I am company X and I'm in the business of used cars.
I just moved to a new city for college, I am budget conscious and need a used car to drive around.
Used-car companies CEOs will be most interested in seeing what types of cars will sell with the highest price, or being the most popular sale. In this portion, we speculate that car price will vary according to manufacturers, drive and color.
Overall, we see that Ferrari and Jaguar are the most expensive cars and Volvos and Rovers have the lowest average sale price.
The average price over time has not changed significantly but there are many more high priced cars in the past decade than before, pointing to a growing demand for expensive used cars
The average price is lowest for fwd drive type
Red and white cars seem to bag the highest prices, but overall price variation across colors is low. The cars most sold are either white or black. This could also point to a larger number of cars being white/black
In this section, we analyze the variation in price and sales popularity based on some predictors with the overall goal of accessing which predictors are most impactful.
The variables we consider in this section are the color of the car, its manufacturer, time of sale and cylinders in the cars. We have selected these two since companies can then identify and invest in cars that are most likely to sell and bring them a great price
data = pd.read_csv("gdrive/Shared drives/BA780 Team2/datasets/vehicle_cleaned.csv")
Most of the top 10 most expensive manufacturers by average tend to have either gas or electric engines.
# average price by Manufacturer, and its fuel type
data.groupby(['manufacturer','fuel']).agg({'price' : 'mean'}).sort_values(by='price', ascending=False).head(10).reset_index('fuel')
fuel | price | |
---|---|---|
manufacturer | ||
ferrari | gas | 83346.111111 |
jaguar | electric | 65000.000000 |
aston-martin | gas | 53367.000000 |
rover | other | 52886.000000 |
land rover | gas | 51497.500000 |
bmw | other | 50995.000000 |
tesla | electric | 49134.358974 |
cadillac | other | 43914.162162 |
volvo | electric | 43470.000000 |
rover | diesel | 42212.631579 |
Average price by manufacturer
This plot shows the top 10 manufacturers in terms of average price.
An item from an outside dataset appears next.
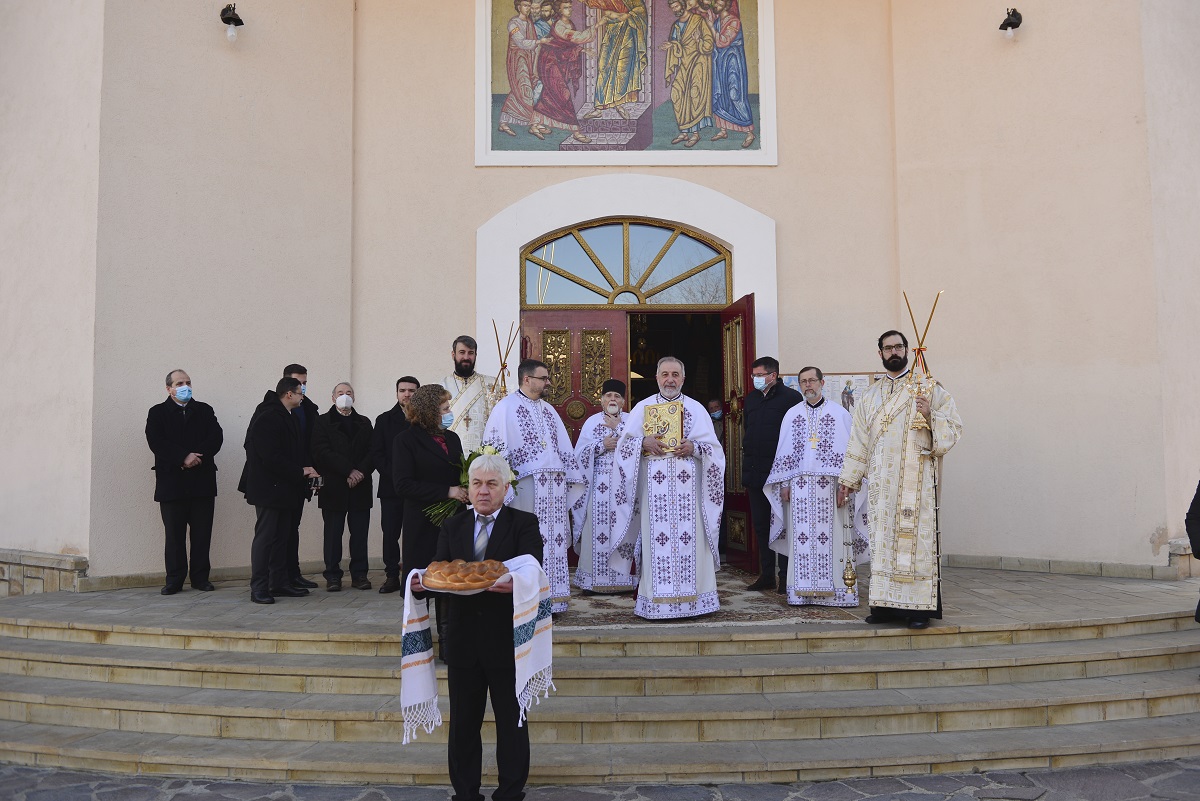 PS Părinte Nichifor Botoșăneanul, la Parohia „Sfântul Apostol Toma” din Iași: „În Biserică venim ca să ieșim mai îndreptați”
From this, we can see which manufacturers have used cars that sell at the highest value.
# scatterplot of average price by manufacturer
top10_man = data.groupby('manufacturer').agg({'price': 'mean'}).sort_values(by='price', ascending=False).head(10).reset_index()
man_df = pd.DataFrame(top10_man)
top10_man_list = list(top10_man['manufacturer'])
top_man = sns.lineplot(x='manufacturer', y='price', data=man_df).set(title='Average Price by Manufacturer')
plt.xticks(top10_man_list)
plt.xticks(rotation=45)
(array([0., 1., 2., 3., 4., 5., 6., 7., 8., 9.]), <a list of 10 Text major ticklabel objects>)
Next, we want to know whether the prices of different regions are different. This graph suprised to us which we didn't know that before. We can find that the average price of used cars in the west coast is generally lower than the average price of used cars in the east coast. This finding is of great significance to used-car companies, because they can know the average price of cars in the east coast and west coast, so as to formulate appropriate pricing strategies.
fig = go.Figure(data = go.Choropleth(
locations=data['state'].str.upper(),
z=data['price'],
locationmode='USA-states',
colorscale='YlOrBr',
colorbar_title="Avg Price",
hovertext=data['state'],
), layout=dict(title = 'Average Price by States'))
fig.update_layout(
geo_scope = 'usa'
)
fig.show()
Next, we suspect that the factor affecting prices is inventory. By mapping the number of vehicles in the database, it can be seen that vehicle inventory is slightly higher in the west coast than in the east coast, so inventory is a factor influencing prices.
mapcount = data.groupby('state', dropna=False)['state'].count().reset_index(name="count")
fig = go.Figure(data = go.Choropleth(
locations=mapcount['state'].str.upper(),
z=mapcount['count'],
locationmode='USA-states',
colorscale='YlOrBr',
colorbar_title="Total",
hovertext=data['state'],
), layout=dict(title = 'Total Vehicles by States'))
fig.update_layout(
geo_scope = 'usa'
)
fig.show()
In addition, the income and prices of the west coast and the east coast are searched on Google. The prices and incomes of the east coast are generally higher than those of the west coast.
While Gasoline remains the most favoured fuel, the usage of diesel has significantly reduced in usage and electric has increased
z = plt.subplots(figsize=(20,10))
z = sns.countplot(x=data.year.astype(int), hue="fuel", data=data, orient = 'v')
z.set_title('Fuel usage over time', pad=12)
z.set_ylabel('# of cars sold')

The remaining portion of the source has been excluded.